Data to process.
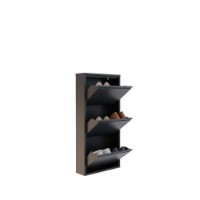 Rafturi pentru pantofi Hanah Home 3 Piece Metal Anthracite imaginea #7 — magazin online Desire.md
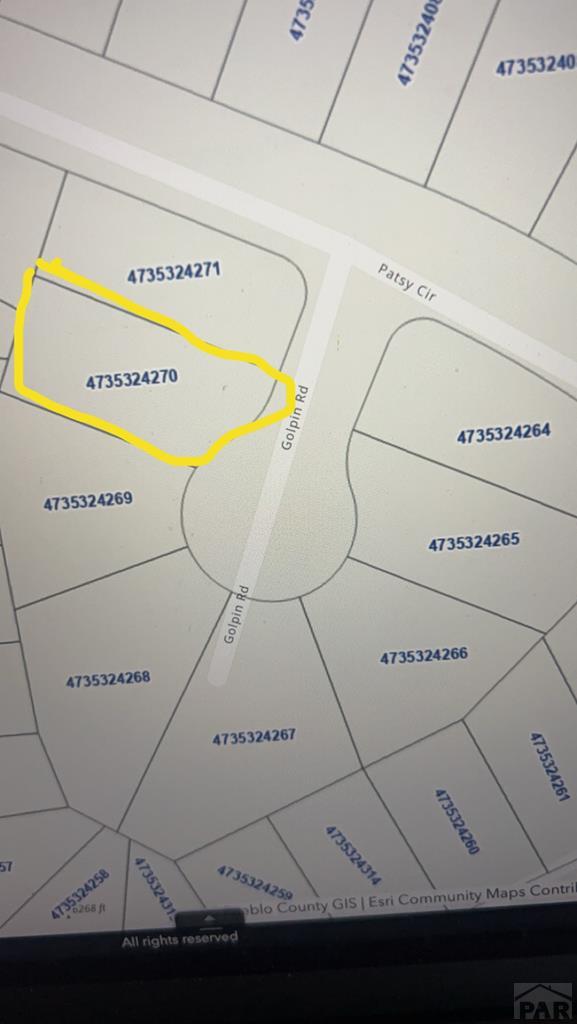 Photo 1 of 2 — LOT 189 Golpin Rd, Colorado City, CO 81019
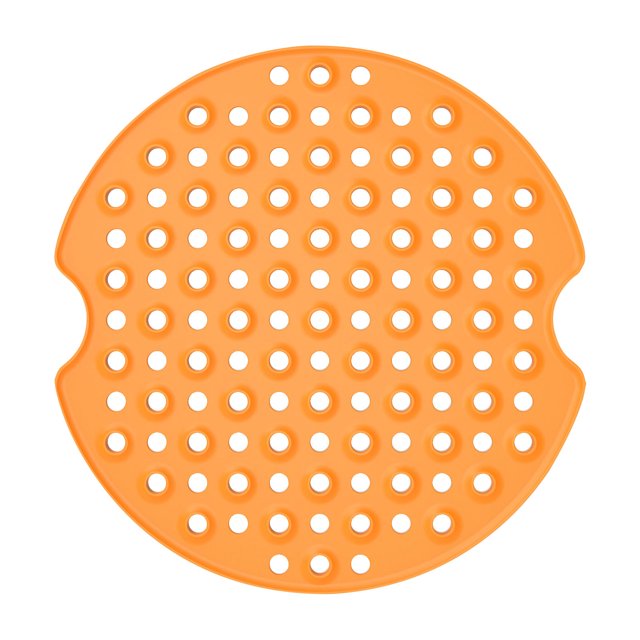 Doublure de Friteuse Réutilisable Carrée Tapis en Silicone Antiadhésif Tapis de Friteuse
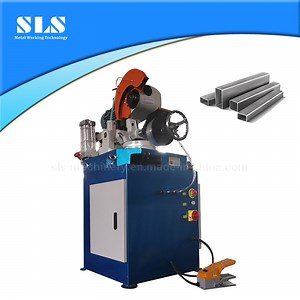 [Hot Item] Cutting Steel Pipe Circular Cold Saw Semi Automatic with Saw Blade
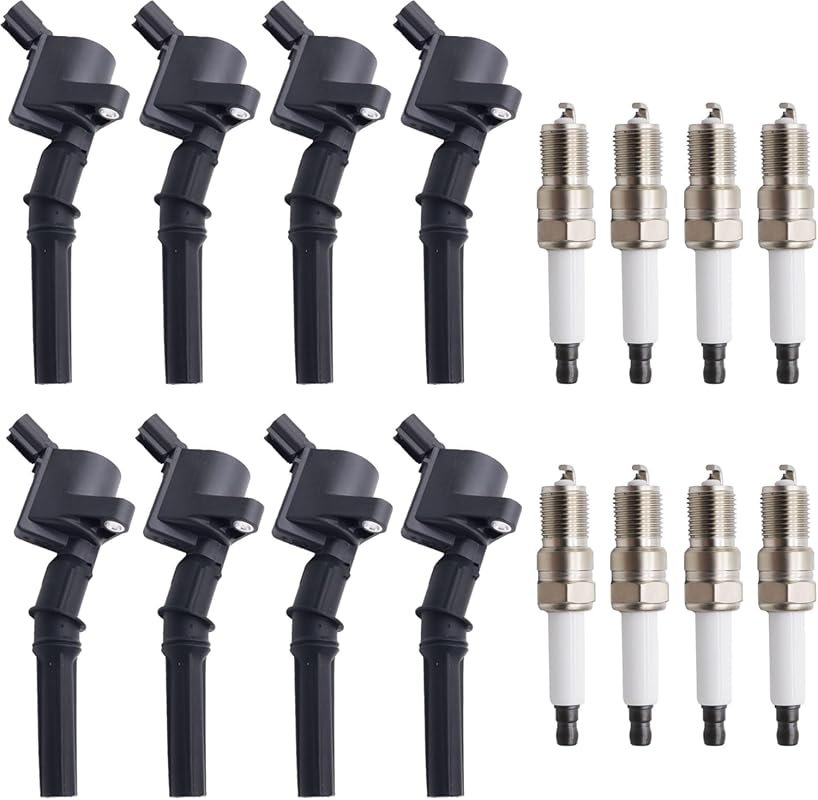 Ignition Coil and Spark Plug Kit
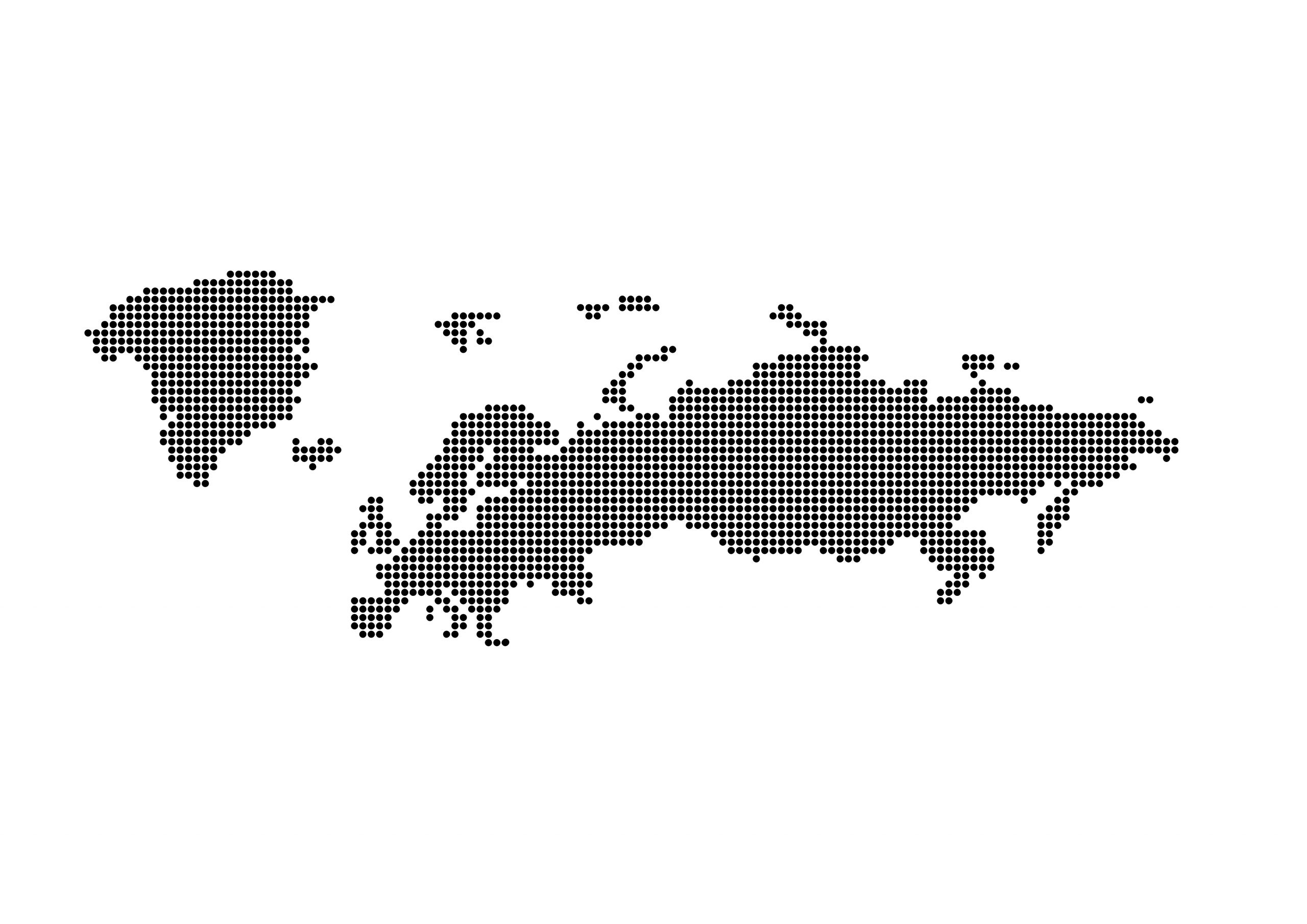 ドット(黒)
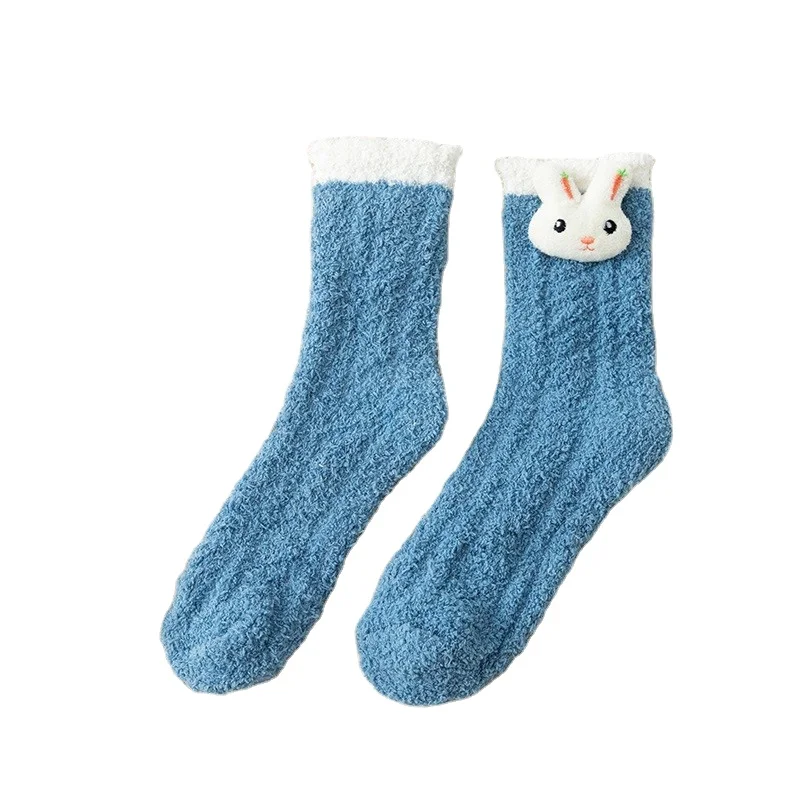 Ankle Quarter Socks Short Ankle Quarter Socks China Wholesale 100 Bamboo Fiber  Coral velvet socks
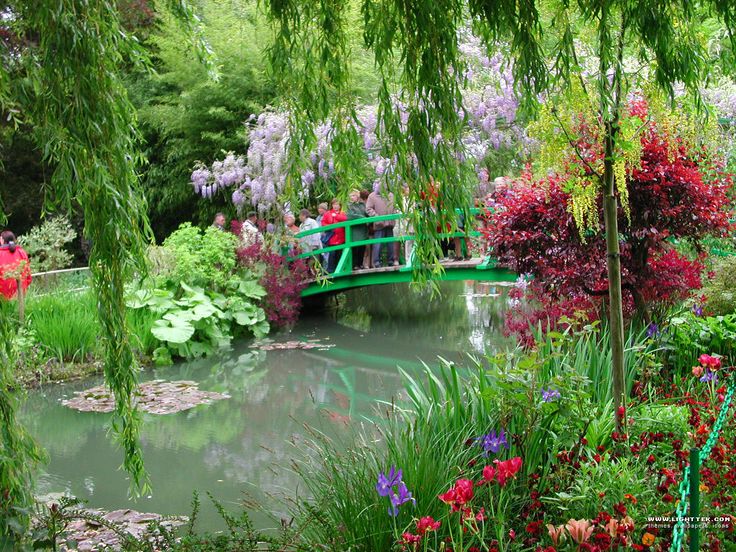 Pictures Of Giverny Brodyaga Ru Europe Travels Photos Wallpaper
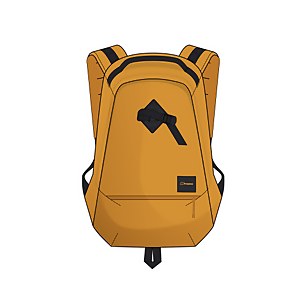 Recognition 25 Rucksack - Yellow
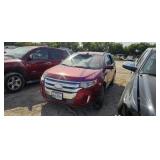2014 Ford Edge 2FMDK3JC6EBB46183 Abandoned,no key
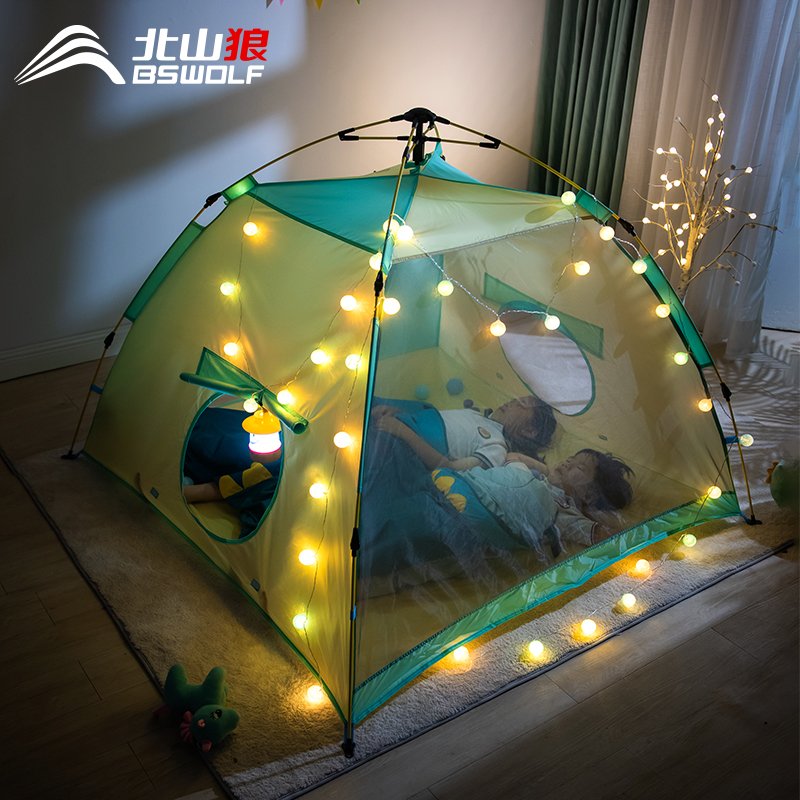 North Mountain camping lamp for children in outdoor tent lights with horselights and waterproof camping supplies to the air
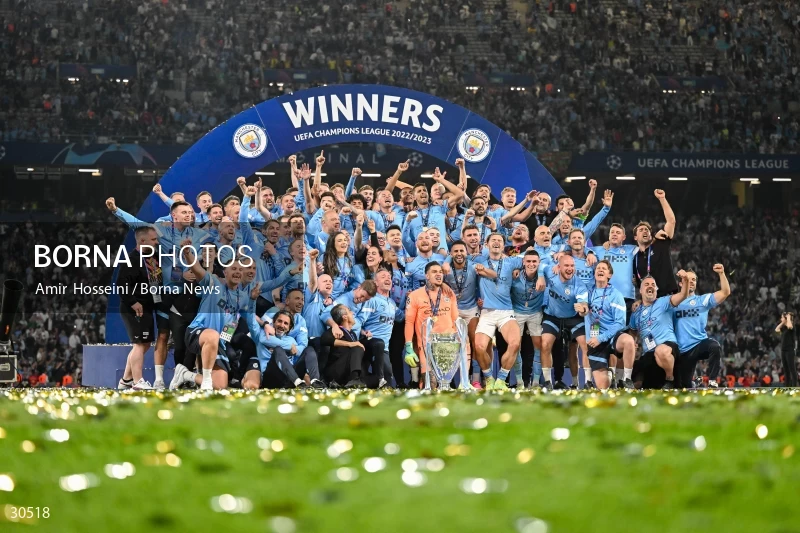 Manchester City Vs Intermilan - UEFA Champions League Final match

What to work on. Exact copy, pictures excluded: print only the lines from the line containing "Recognition 25 Rucksack - Yellow" through the end of the records.

Written answer.
 Recognition 25 Rucksack - Yellow
2014 Ford Edge 2FMDK3JC6EBB46183 Abandoned,no key
 North Mountain camping lamp for children in outdoor tent lights with horselights and waterproof camping supplies to the air
 Manchester City Vs Intermilan - UEFA Champions League Final match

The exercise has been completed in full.